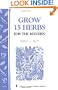 Grow 15 Herbs for the Kitchen: Storey's Country Wisdom Bulletin A-61 (Storey Country Wisdom Bulletin)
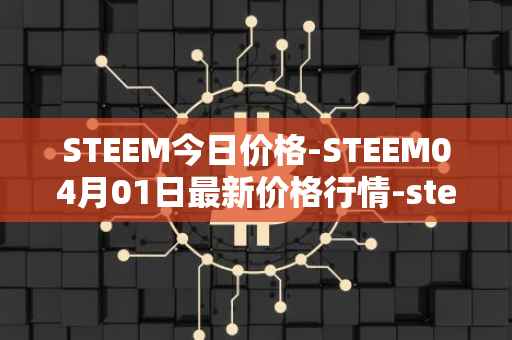 STEEM今日价格-STEEM04月01日最新价格行情-steem最新走势消息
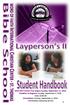 LAYPERSON S BIBLE SCHOOL HISTORY L
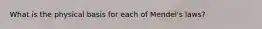 What is the physical basis for each of Mendel's laws?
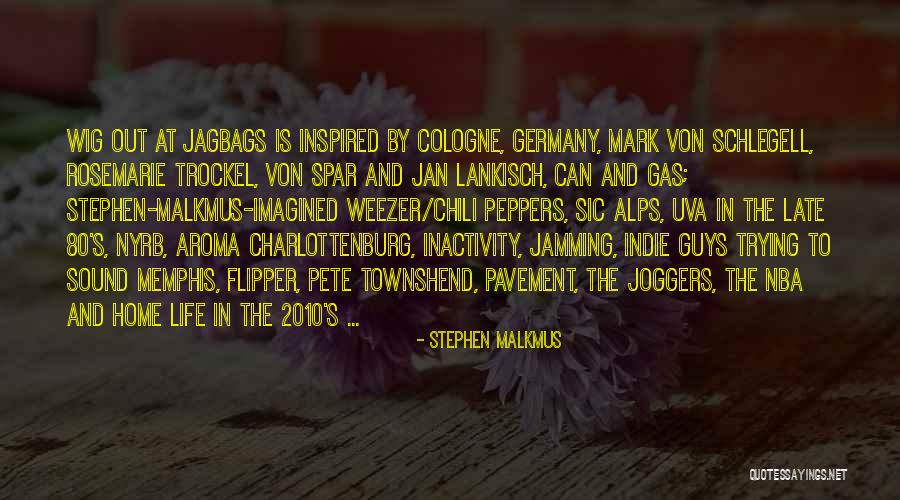 Schlegell Quotes By Stephen Malkmus Schlegell Quotes By Stephen Malkmus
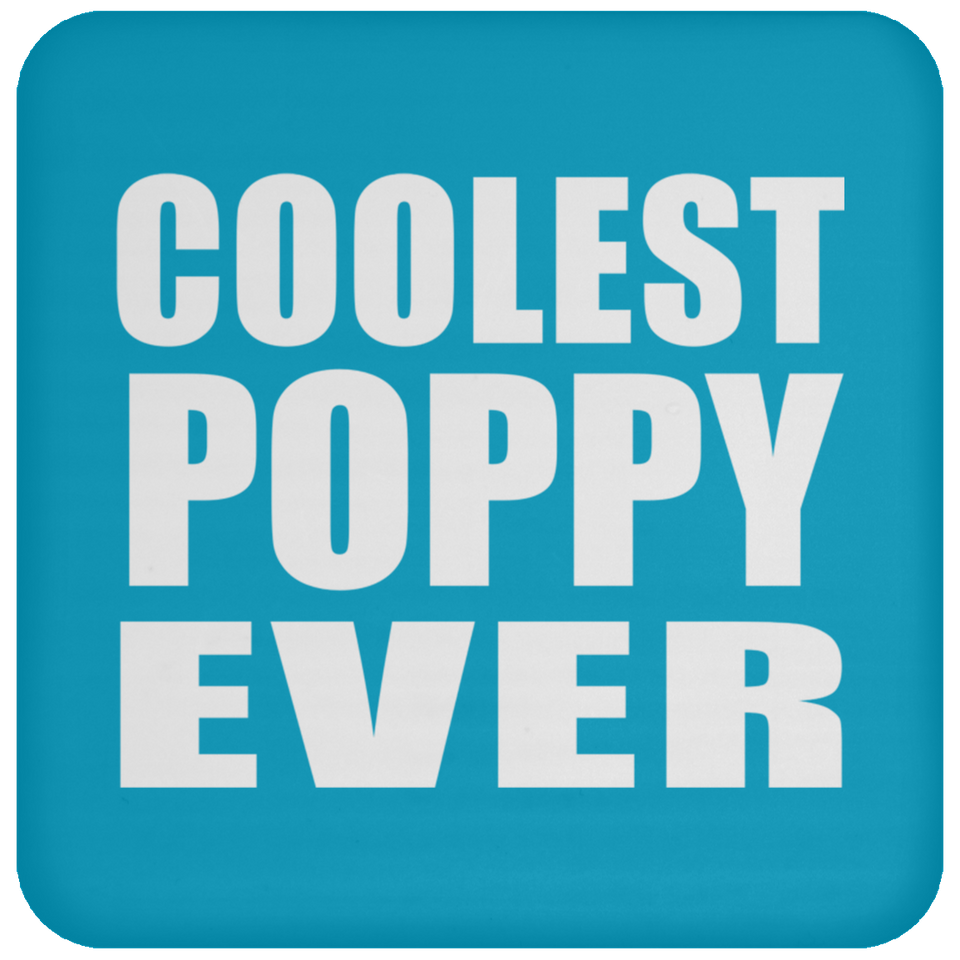 Coolest Poppy Ever - Drink Coaster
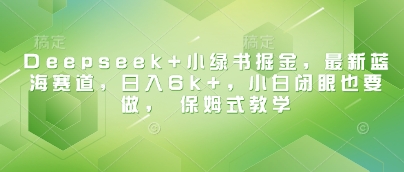 Deepseek+小绿书掘金，最新蓝海赛道，日入6k+，小白闭眼也要做， 保姆式教学-玩备项目资源网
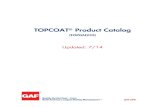 TOPCOAT Product PRODUCT CATALOG TOPCOAT ... Not all coatings are alike, 1 just like there are different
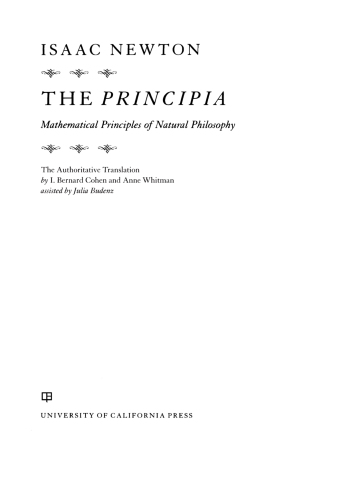 The Principia: mathematical principles of natural philosophy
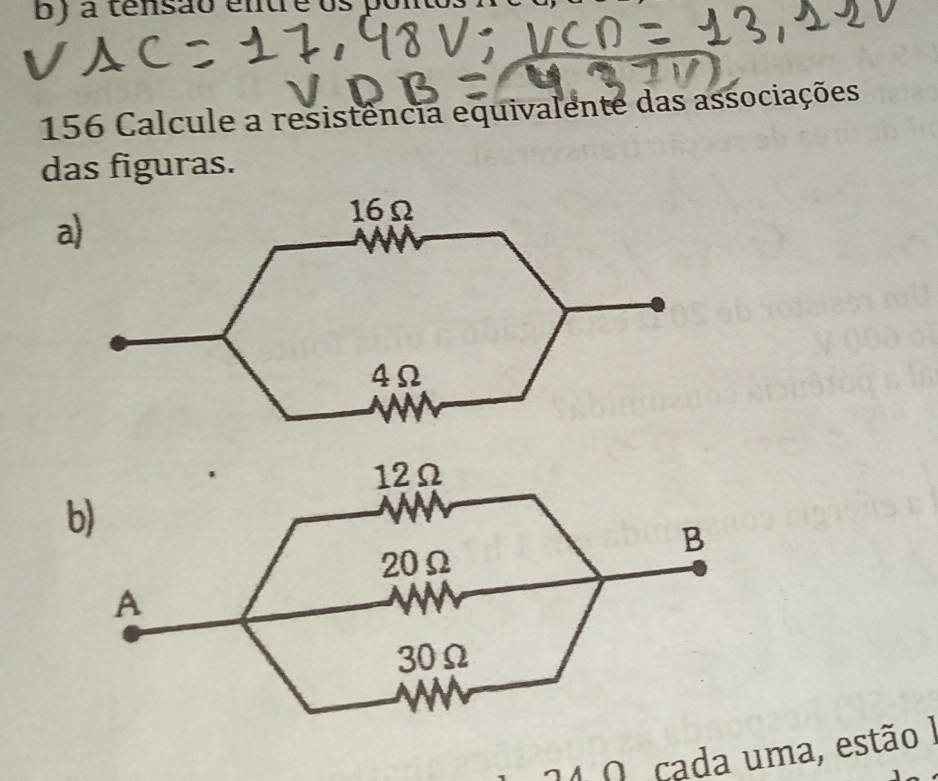 à tensão en
156 Calcule a resistência equivalente das associações 
das figuras. 
a) 
4 O cada uma, estão I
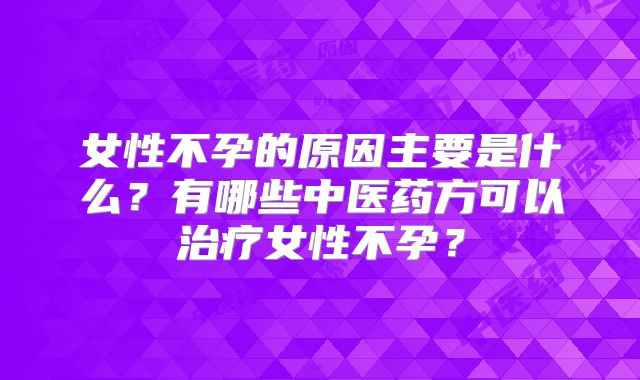 女性不孕的原因主要是什么?有哪些中医药方可以治疗女性不孕?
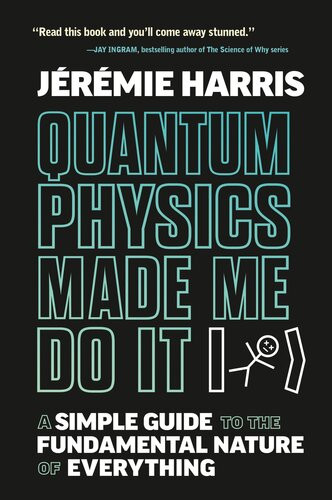 Quantum Physics Made Me Do It A Simple Guide To The Fundamental Nature Of Everything Jeremie Harris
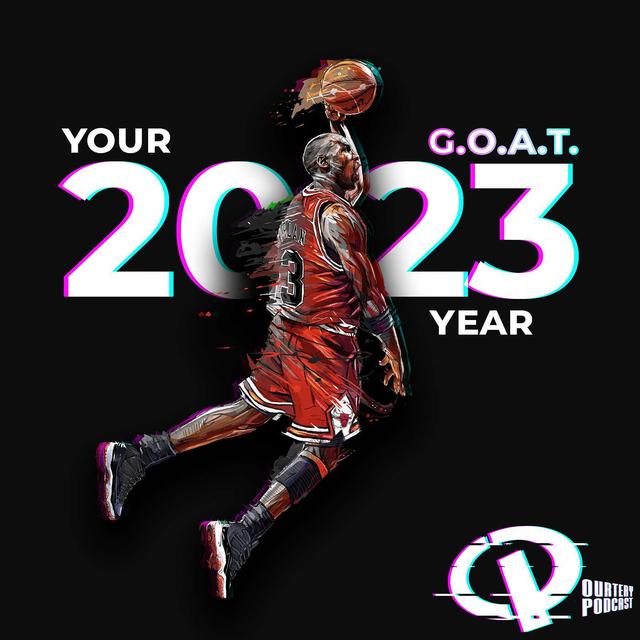 How to Make 2023 Your G.O.A.T. Year - podcast episode cover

++++

◆ Work to be completed
Above are the records. Copy only the lines from the one with "Deepseek+小绿书掘金" through the one with "à tensão en", exactly, with no pictures.

◆ Your response
 Deepseek+小绿书掘金，最新蓝海赛道，日入6k+，小白闭眼也要做， 保姆式教学-玩备项目资源网
 TOPCOAT Product PRODUCT CATALOG TOPCOAT ... Not all coatings are alike, 1 just like there are different
 The Principia: mathematical principles of natural philosophy
 à tensão en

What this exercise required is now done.